#### [INSTRUCTIONS TO FOLLOW]
Which lines of the data contain the string "area"? Show each of them.
(EXTRACTED MATERIAL)
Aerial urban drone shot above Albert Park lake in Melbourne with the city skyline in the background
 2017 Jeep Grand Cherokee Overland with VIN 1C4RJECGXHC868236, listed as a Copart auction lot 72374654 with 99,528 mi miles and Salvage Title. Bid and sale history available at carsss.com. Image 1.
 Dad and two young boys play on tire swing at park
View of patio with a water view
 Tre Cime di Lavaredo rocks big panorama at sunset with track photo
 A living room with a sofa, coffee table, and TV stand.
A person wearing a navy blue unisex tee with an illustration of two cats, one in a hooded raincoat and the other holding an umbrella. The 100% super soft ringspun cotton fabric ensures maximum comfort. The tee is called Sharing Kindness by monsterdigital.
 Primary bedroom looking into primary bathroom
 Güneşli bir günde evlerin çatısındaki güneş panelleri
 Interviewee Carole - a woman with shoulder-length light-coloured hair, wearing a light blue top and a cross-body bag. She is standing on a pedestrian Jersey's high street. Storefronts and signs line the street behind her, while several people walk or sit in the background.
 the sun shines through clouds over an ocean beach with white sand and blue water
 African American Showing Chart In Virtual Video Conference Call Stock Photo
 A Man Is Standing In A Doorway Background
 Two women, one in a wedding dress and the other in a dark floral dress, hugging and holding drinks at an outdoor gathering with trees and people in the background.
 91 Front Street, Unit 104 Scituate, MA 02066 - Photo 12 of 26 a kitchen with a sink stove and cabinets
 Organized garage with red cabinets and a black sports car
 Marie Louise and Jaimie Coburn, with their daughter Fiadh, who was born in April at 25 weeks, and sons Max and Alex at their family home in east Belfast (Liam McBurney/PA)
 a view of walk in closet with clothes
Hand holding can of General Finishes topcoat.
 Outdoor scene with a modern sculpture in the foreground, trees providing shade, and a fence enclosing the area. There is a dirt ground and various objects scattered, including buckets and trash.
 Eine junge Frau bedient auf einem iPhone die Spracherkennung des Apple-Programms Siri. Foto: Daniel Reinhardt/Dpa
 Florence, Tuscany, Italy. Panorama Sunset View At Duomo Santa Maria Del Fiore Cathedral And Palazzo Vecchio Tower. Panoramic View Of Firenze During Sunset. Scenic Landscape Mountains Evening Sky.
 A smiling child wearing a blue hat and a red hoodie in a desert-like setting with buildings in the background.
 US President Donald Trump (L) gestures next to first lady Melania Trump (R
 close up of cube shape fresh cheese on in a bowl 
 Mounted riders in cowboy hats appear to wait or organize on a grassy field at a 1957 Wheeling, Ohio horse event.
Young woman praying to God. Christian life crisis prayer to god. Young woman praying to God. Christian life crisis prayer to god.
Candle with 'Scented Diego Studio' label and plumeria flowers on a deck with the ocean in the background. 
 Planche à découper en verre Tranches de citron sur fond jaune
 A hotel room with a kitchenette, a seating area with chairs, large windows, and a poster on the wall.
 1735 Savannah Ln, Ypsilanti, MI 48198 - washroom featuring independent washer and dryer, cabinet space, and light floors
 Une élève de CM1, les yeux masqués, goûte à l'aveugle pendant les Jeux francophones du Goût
(End EXTRACTED MATERIAL)
#### [WRITTEN SOLUTION]
 Outdoor scene with a modern sculpture in the foreground, trees providing shade, and a fence enclosing the area. There is a dirt ground and various objects scattered, including buckets and trash.
 A hotel room with a kitchenette, a seating area with chairs, large windows, and a poster on the wall.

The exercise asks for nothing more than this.